'''

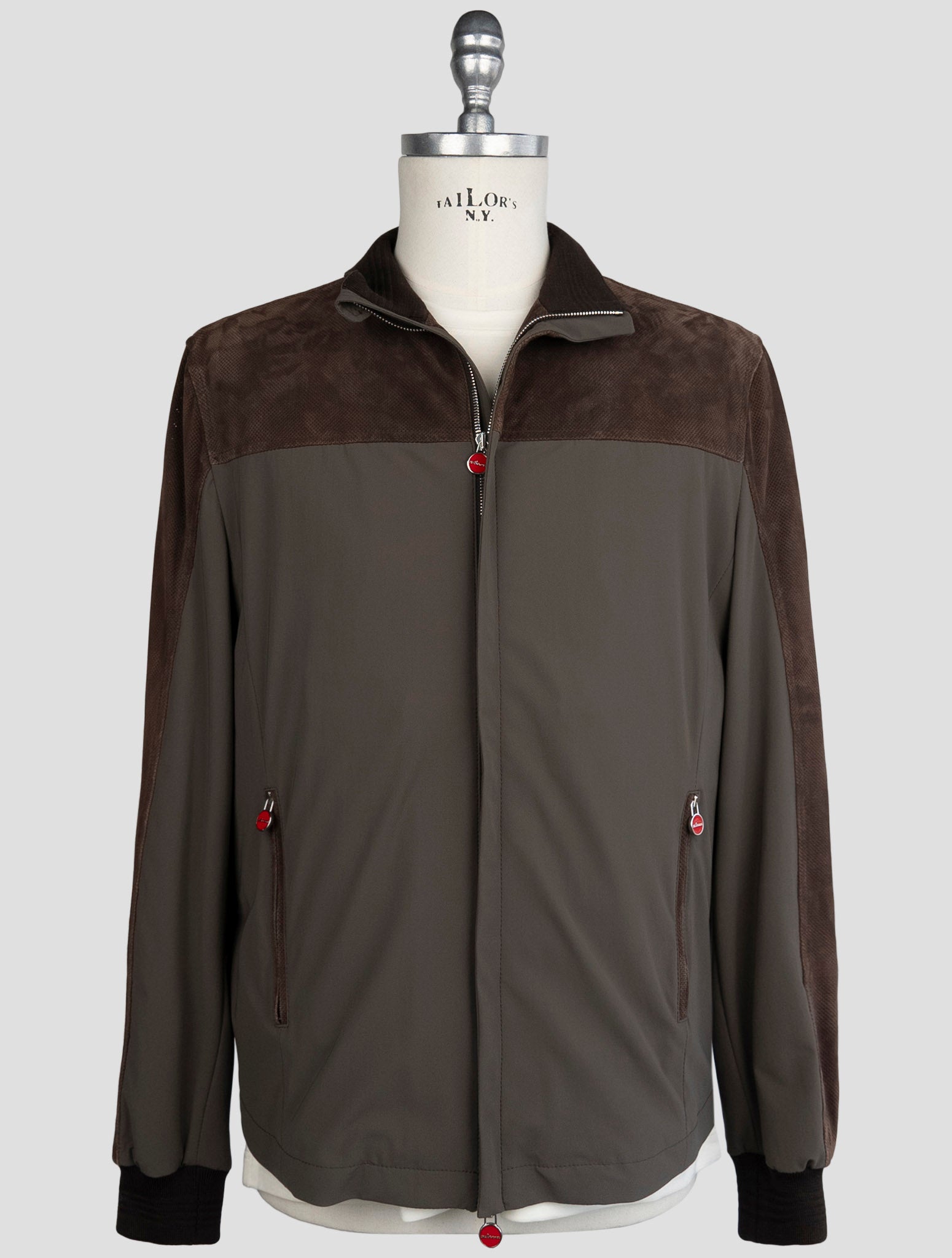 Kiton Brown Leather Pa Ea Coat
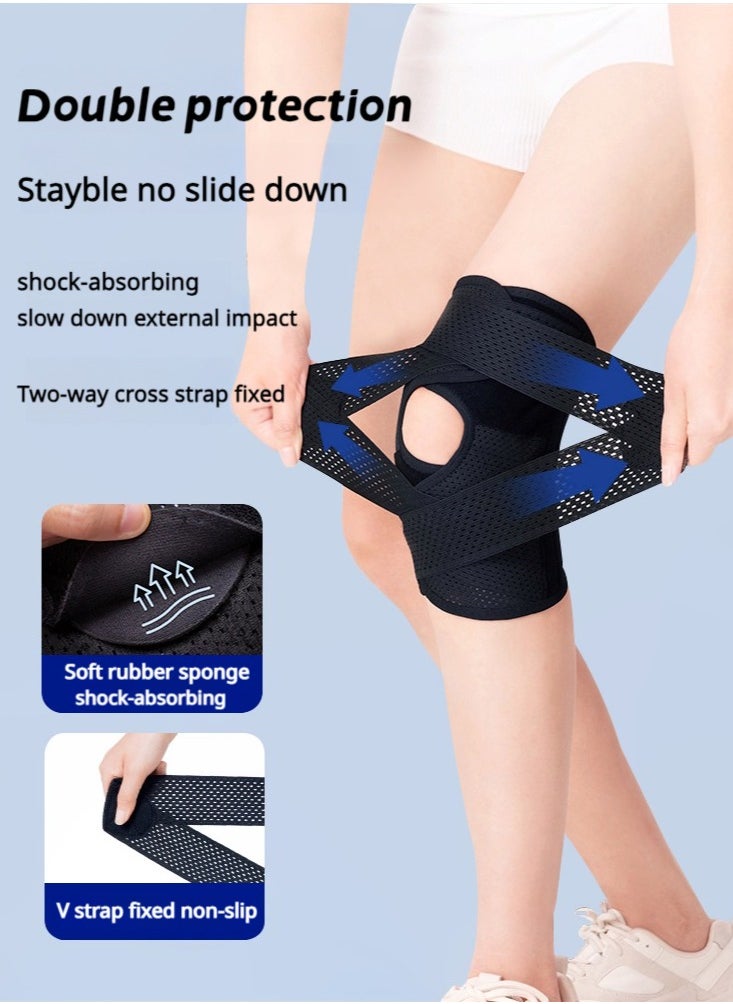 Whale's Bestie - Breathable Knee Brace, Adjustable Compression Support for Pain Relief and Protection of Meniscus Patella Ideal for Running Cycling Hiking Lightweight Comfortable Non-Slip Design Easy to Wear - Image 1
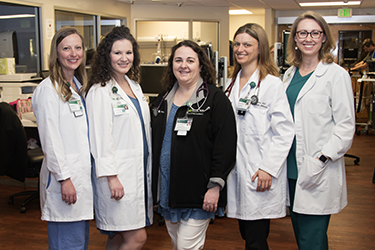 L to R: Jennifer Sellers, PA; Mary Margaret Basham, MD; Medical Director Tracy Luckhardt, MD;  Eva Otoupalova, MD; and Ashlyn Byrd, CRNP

'''

**WHAT NEEDS TO BE DONE:** Leaving images out, please output every line of the data exactly.

**ANSWER FOR THE TASK:**
 Kiton Brown Leather Pa Ea Coat
 Whale's Bestie - Breathable Knee Brace, Adjustable Compression Support for Pain Relief and Protection of Meniscus Patella Ideal for Running Cycling Hiking Lightweight Comfortable Non-Slip Design Easy to Wear - Image 1
 L to R: Jennifer Sellers, PA; Mary Margaret Basham, MD; Medical Director Tracy Luckhardt, MD;  Eva Otoupalova, MD; and Ashlyn Byrd, CRNP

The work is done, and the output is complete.